It is well known that sex hormone levels influence menstruation. In the present study, women with menstrual changes had significantly lower serum PRL and T levels, suggesting abnormal reproductive hormone profiles compared to COVID‐19‐infected participants who did not report menstrual changes. Ding et al. reported that women affected by COVID‐19 had significantly lower serum AMH levels and higher T/PRL levels compared to uninfected healthy women, suggesting that COVID‐19 might have a deleterious effect on ovarian reserve and endocrine function [64]. Additionally, they found significant differences in T levels among several laboratory characteristics of COVID‐19 patients [64]. However, a study by Li et al. reported no statistically significant differences in sex hormone concentrations or ovarian reserve between COVID‐19 patients of childbearing age and controls, as well as in subgroup analysis based on menstrual changes [27]. In addition, we investigated the relationship between the levels of differential metabolites and specific hormone levels, finding that upregulated metabolites were significantly correlated with E₂ levels.

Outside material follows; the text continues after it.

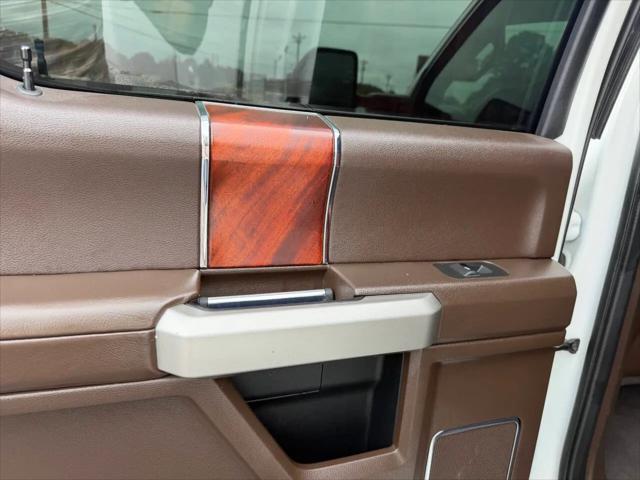 2021 Ford F-450 King Ranch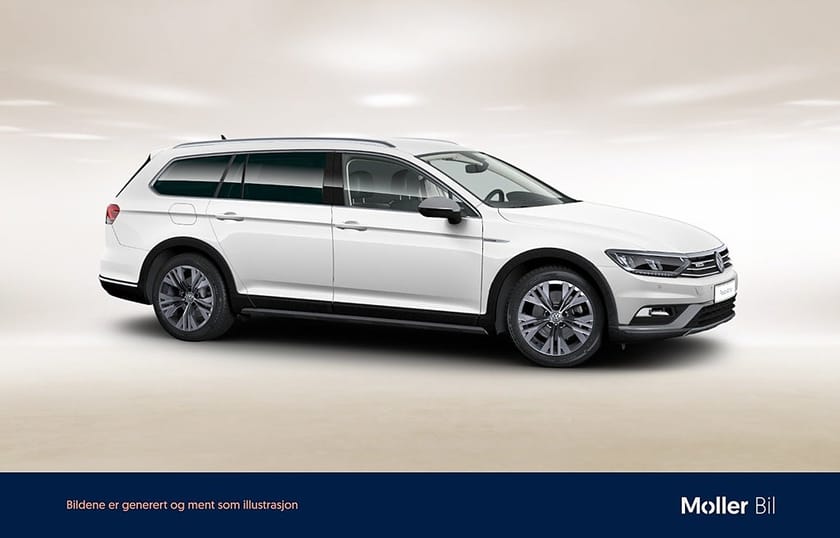 Bild 3 av Volkswagen Passat Alltrack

Estrone sulfate, an E₂ precursor, was positively correlated with E₂ and T, but negatively correlated with FSH. A previous study demonstrated that the cycle phase is associated with variations in E₂ formation due to the metabolism of estrone sulfate [65]. Further studies should be conducted to explore the role of estrone sulfate in regulating hormones and menstruation. The difference was that all participants analyzed in our study were COVID‐19‐infected women. Not all infected patients had changed serum T levels, but lower serum T levels may contribute to menstrual change [66].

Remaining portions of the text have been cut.